Mano pesante del giudice sportivo per gli ululati a Banda e Umtiti da parte del settore Ospiti dello stadio Via del Mare, durante la partita Lecce-Lazio, occupato dai tifosi laziali: la Curva Nord della Lazio sarà chiusa per squalifica per un turno, senza condizionale, nonostante il comunicato di condanna da parte del club capitolino, atto a stigmatizzare ancora una volta il comportamento di alcuni dei propri sostenitori (erano circa 1000 nel settore dedicato) a discapito del resto del tifo “sano”.
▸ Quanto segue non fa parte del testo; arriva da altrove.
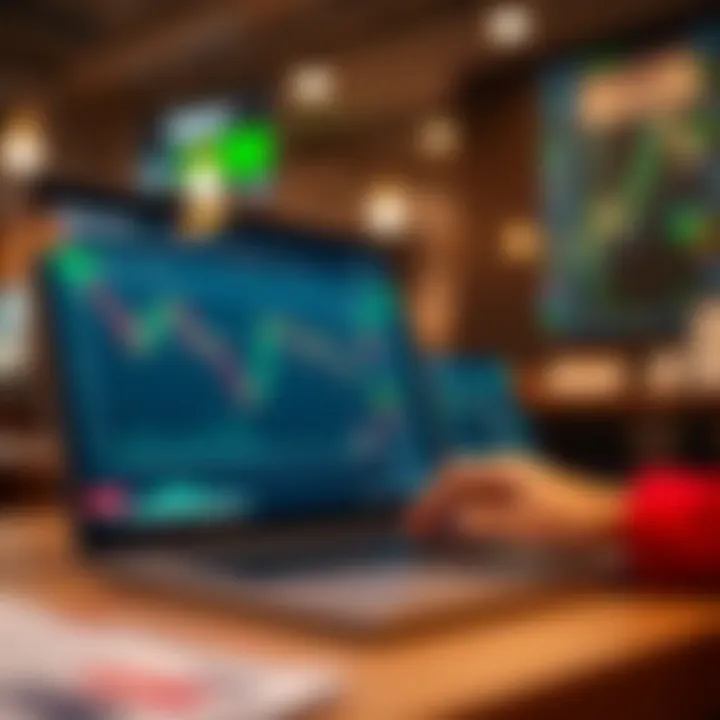 Binary.com trading platform interface integrated with TradingView analytics for binary options decision-making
La Lazio aveva oggi fatto un comunicato di condanna contro gli episodi dello stadio di Via del Mare. Questo il testo: “Durante la partita Lecce-Lazio, l’arbitro è stato costretto ad interrompere la partita a causa di ululati razzisti nei confronti di un giocatore della squadra di casa. La S.S. Lazio ha sempre contrastato con tutti i mezzi a disposizione ogni forma di razzismo e discriminazione, mettendo in campo iniziative volte a reprimere tali fenomeni, sensibilizzando i propri tifosi su questo tema e agendo nelle sedi preposte a tutela della propria immagine. La S.S. Lazio anche oggi condanna chi si è reso protagonista di questo gesto deprecabile, vergognoso e anacronistico e offrirà come sempre la massima collaborazione alle autorità per individuare i responsabili. I tifosi della Lazio non sono razzisti e non possono essere associati a pochi individui che ledono gravemente l’immagine del club”.

Il Giudice Sportivo, Gerardo Mastrandrea, ha chiesto agli ispettori federale chiarimenti sui cori rivolti dai tifosi napoletani a Romelu Lukaku, nel corso di Inter-Napoli. Si parla di “cori di discriminazione razziale” dai sostenitori del Napoli “posizionati nel settore terzo anello blu” di San Siro, e chiede alla procura federale, se serve “sentiti ulteriormente i responsabili per l’Ordine pubblico”, quali sono “i settori che abitualmente occupano in prevalenza, nelle gare in casa”, quei tifosi. Per il momento nessuna sanzione.